Malcolm Torry: “Money for everyone: Why we need a citizen’s income”

Malcolm Torry: “Money for everyone: Why we need a citizen’s income”

Avevamo pensato che il diffuso dibattito europeo sui benefici del reddito di cittadinanza avrebbe potuto un giorno instaurarlo nei paesi europei, in modo che l’Europa sarebbe stato il primo continente ad avere un autentico reddito nazionale universale, incondizionato e non revocabile. Ma non è stato così.

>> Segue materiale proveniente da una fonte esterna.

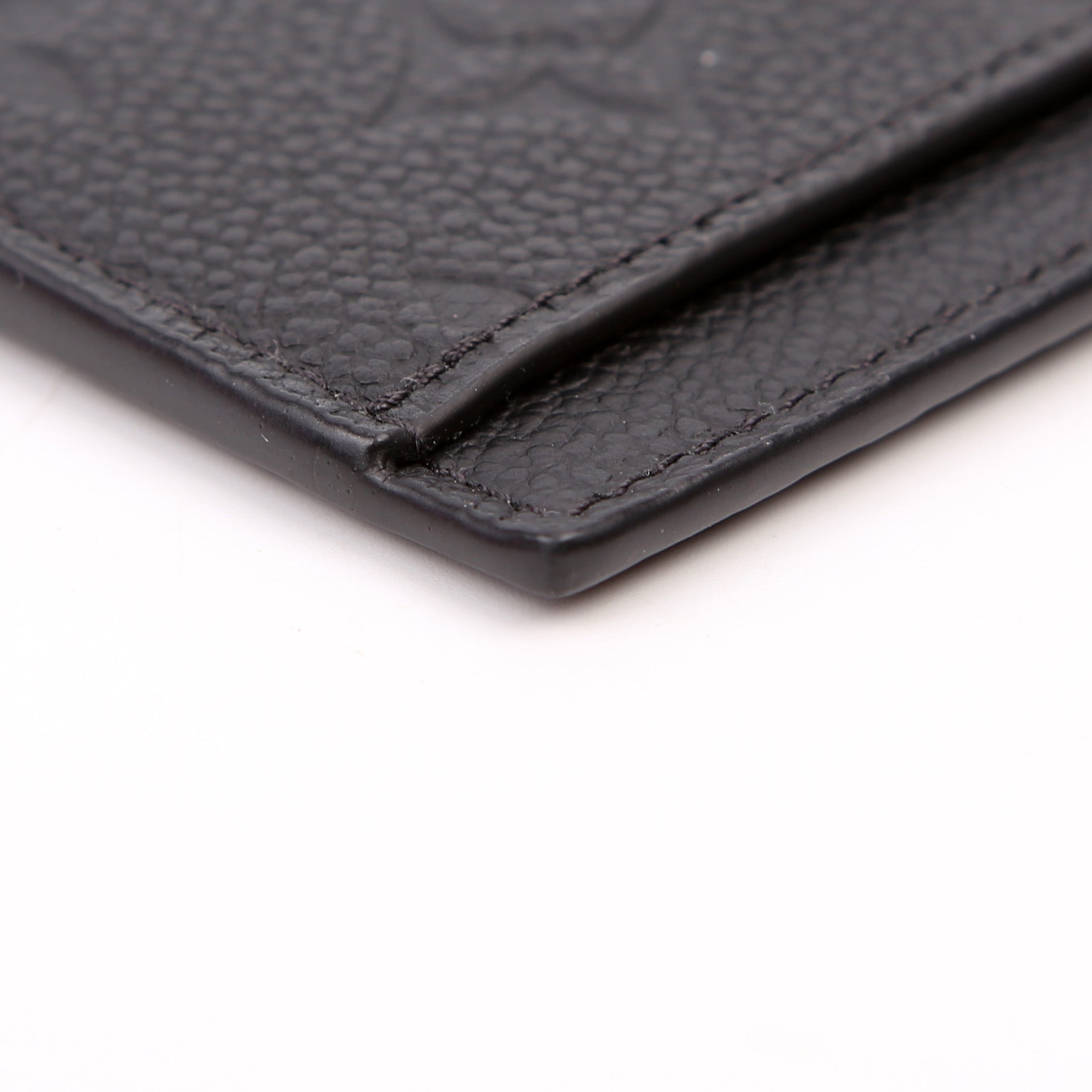 Porte Cartes Zip Empreinte Black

L’Alaska ad oggi ha erogato un reddito di cittadinanza (annuale) per trent’anni; e ora l’Iran ha qualcosa di molto vicino a un reddito di cittadinanza.
Una possibile conclusione è che questo sia un altro segnale della fine dell’egemonia USA-europea. L’impero sta morendo e stanno prendendo forma nuovi imperi, che fanno ciò che fanno i nuovi imperi: fare le cose in modi nuovi e in modi che i vecchi imperi (quindi) rifiutano, accelerando così il loro declino.